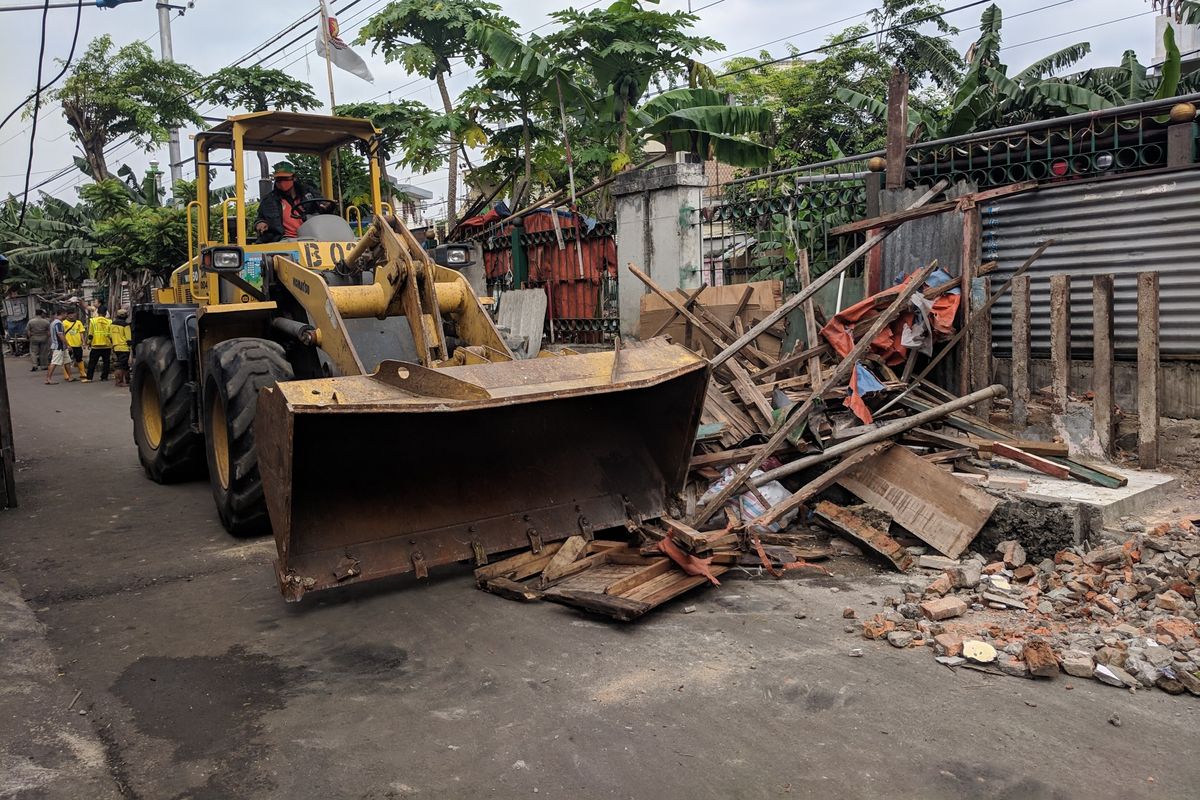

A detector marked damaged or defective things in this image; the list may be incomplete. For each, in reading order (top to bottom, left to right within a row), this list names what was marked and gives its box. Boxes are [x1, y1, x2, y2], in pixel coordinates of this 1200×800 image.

broken brick [924, 596, 972, 620]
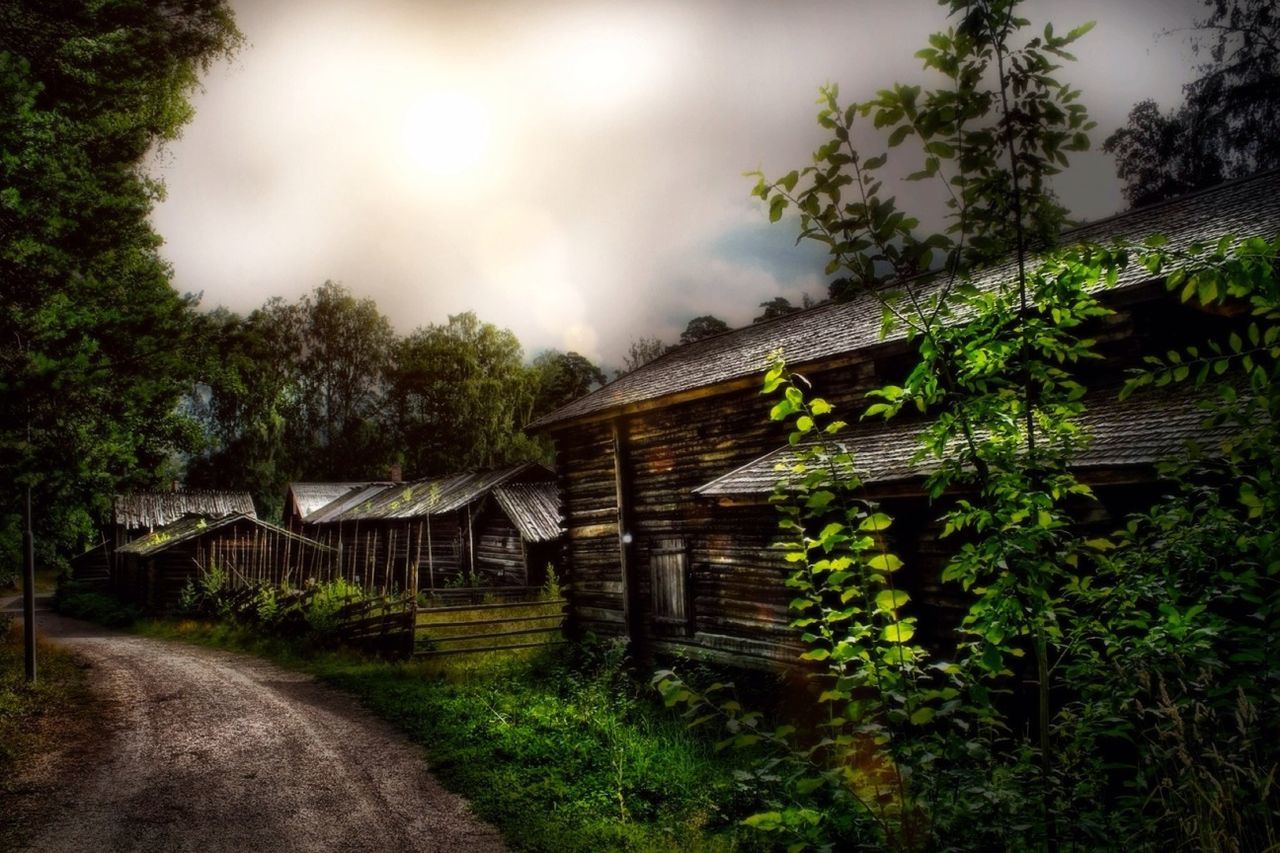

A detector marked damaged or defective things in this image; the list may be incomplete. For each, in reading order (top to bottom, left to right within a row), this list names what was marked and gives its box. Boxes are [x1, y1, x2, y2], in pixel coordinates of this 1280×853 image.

rusty metal roof panel [532, 171, 1280, 432]
rusty metal roof panel [113, 489, 256, 527]
rusty metal roof panel [491, 481, 563, 540]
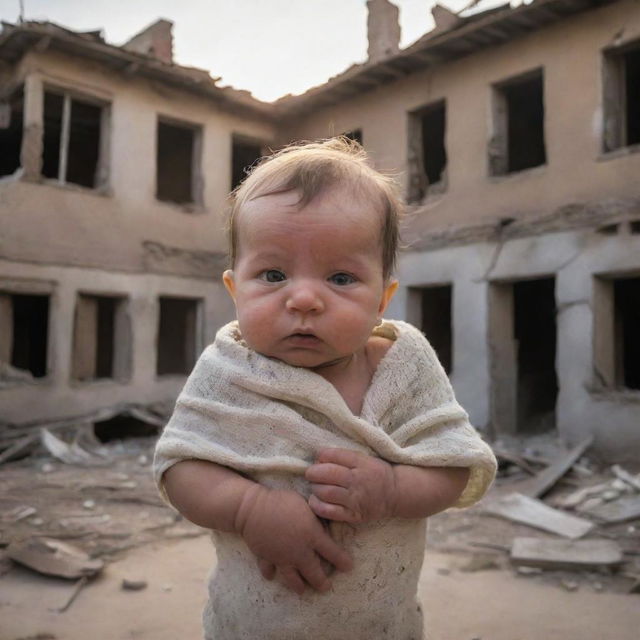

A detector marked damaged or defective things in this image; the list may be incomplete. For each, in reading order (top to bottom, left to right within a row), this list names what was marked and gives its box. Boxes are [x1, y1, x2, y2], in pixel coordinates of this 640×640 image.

damaged building [1, 0, 640, 462]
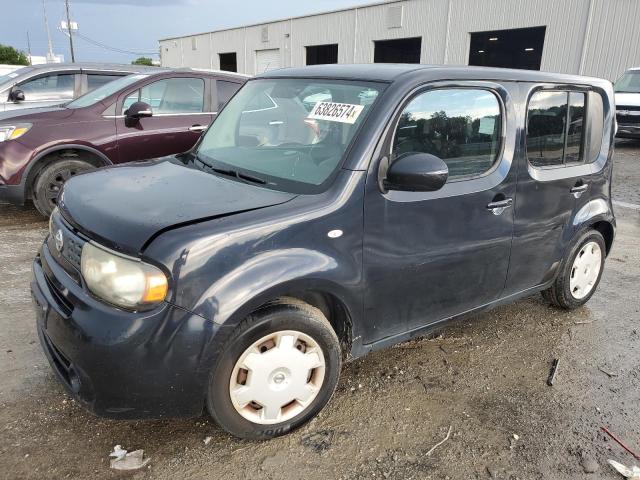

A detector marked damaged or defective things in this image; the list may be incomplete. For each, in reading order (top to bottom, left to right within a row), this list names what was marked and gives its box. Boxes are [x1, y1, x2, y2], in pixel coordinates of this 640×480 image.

dented hood [60, 158, 296, 255]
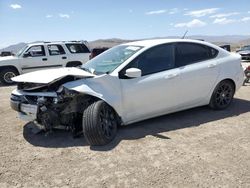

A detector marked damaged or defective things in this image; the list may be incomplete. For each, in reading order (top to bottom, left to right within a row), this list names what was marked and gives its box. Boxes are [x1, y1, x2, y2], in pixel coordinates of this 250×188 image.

damaged front end [10, 74, 94, 137]
crumpled hood [11, 67, 94, 83]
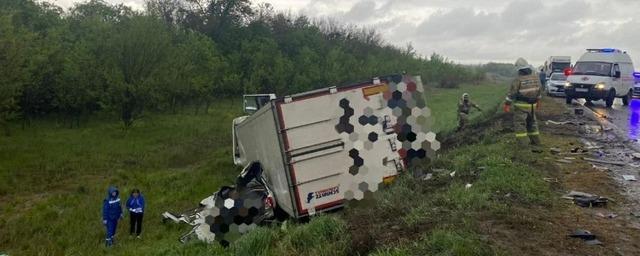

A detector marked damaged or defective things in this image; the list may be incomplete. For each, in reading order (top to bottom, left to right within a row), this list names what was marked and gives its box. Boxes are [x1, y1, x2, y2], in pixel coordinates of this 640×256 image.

overturned truck [164, 73, 440, 244]
broken truck part [164, 74, 440, 244]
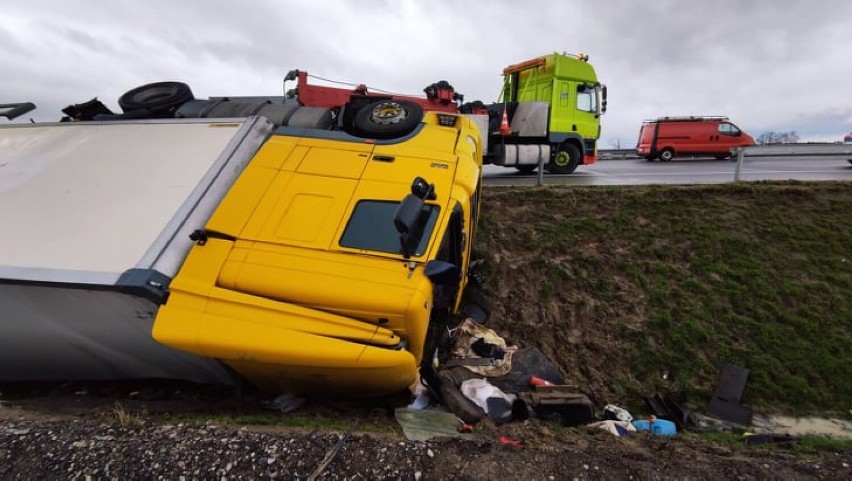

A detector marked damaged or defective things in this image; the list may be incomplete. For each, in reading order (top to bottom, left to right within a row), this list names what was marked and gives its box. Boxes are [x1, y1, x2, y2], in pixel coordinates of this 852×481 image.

overturned yellow truck cab [154, 109, 486, 394]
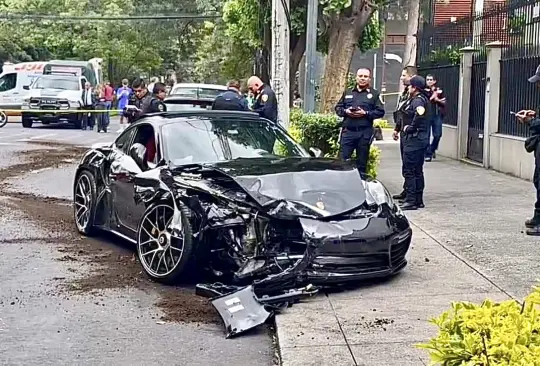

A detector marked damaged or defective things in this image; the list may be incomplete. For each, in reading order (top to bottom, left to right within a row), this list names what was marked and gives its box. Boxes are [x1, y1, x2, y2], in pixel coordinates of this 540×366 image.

crashed black porsche [70, 111, 410, 338]
detached body panel on ground [70, 111, 410, 338]
damaged headlight [362, 182, 392, 207]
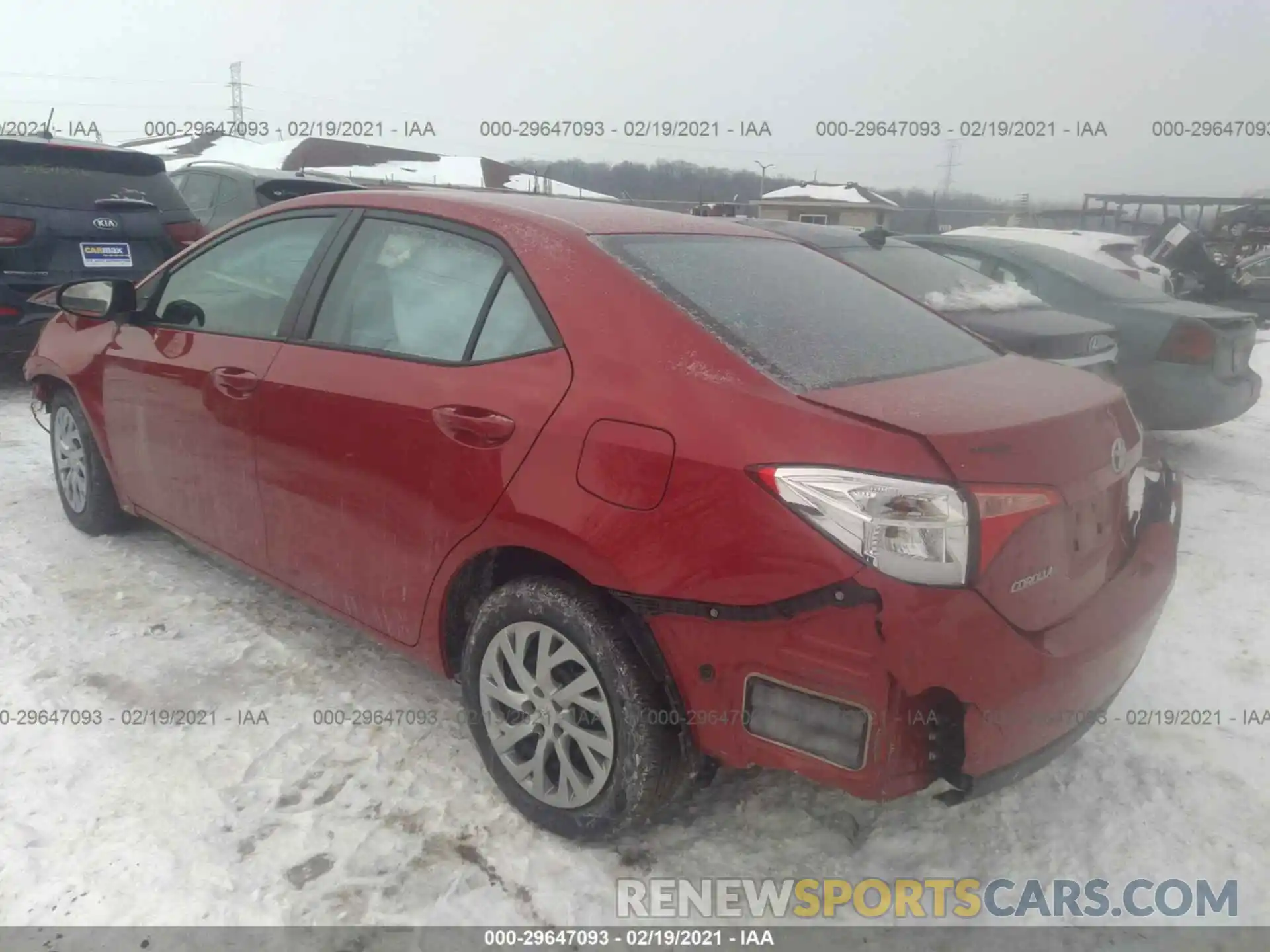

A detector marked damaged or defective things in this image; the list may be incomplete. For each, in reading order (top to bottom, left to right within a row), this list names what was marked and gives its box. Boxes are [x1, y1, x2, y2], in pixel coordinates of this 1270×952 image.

rear bumper damage [624, 465, 1180, 809]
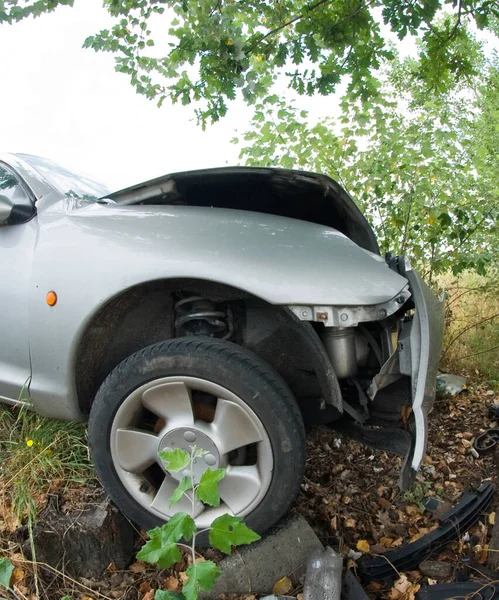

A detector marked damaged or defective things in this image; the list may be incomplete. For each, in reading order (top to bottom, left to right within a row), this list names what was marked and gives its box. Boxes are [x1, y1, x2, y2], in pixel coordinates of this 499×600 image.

silver crashed car [0, 152, 446, 536]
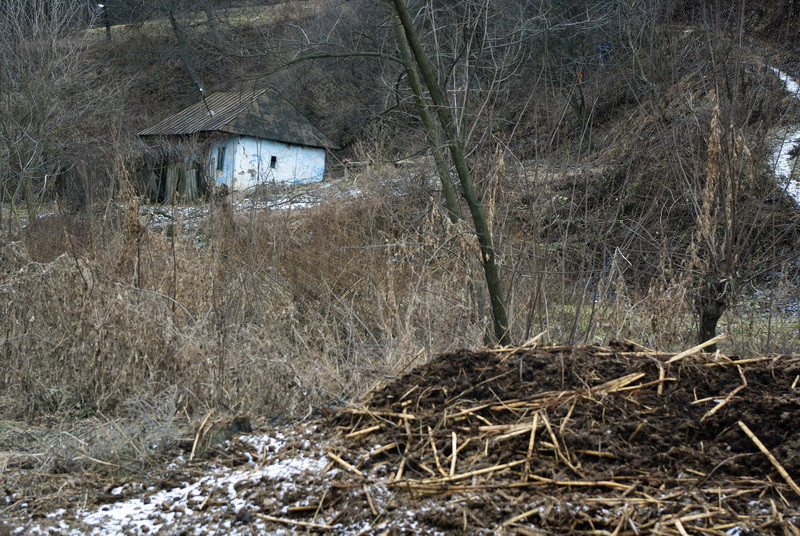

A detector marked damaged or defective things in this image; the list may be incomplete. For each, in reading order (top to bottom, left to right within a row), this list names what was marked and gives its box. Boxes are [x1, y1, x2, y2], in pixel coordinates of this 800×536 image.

rusty corrugated metal roof [138, 89, 338, 150]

◆ ◆ ◆ ◆

## Exercise instructions
Please reproduce verbatim the lines from the line with "this 1270×952 image." through the final line of the listing, inclusive of both ends. Omit all pictures.

## Answer space
A detector marked damaged or defective things in this image; the list may be incomplete. For each, in reading order (top to bottom, left to right within a row), this list names what was marked and gives its box. Boxes are [x1, y1, x2, y2], in pixel coordinates of this 1270×952 image.

rear bumper damage [624, 465, 1180, 809]

A detector marked damaged or defective things in this image; the list may be incomplete. For each, in reading order (top to bottom, left to right within a row), this list names what was marked and gives its box. Boxes are [x1, y1, x2, y2], in pixel coordinates of this 499×600 image.

silver crashed car [0, 152, 446, 536]

A detector marked damaged or defective things in this image; the list may be incomplete. For each, in reading order (top to bottom, left to right within a row), this list names what was marked and gives its box. Boxes are [x1, y1, x2, y2], in pixel coordinates of this 800×536 image.

rusty corrugated metal roof [138, 89, 338, 150]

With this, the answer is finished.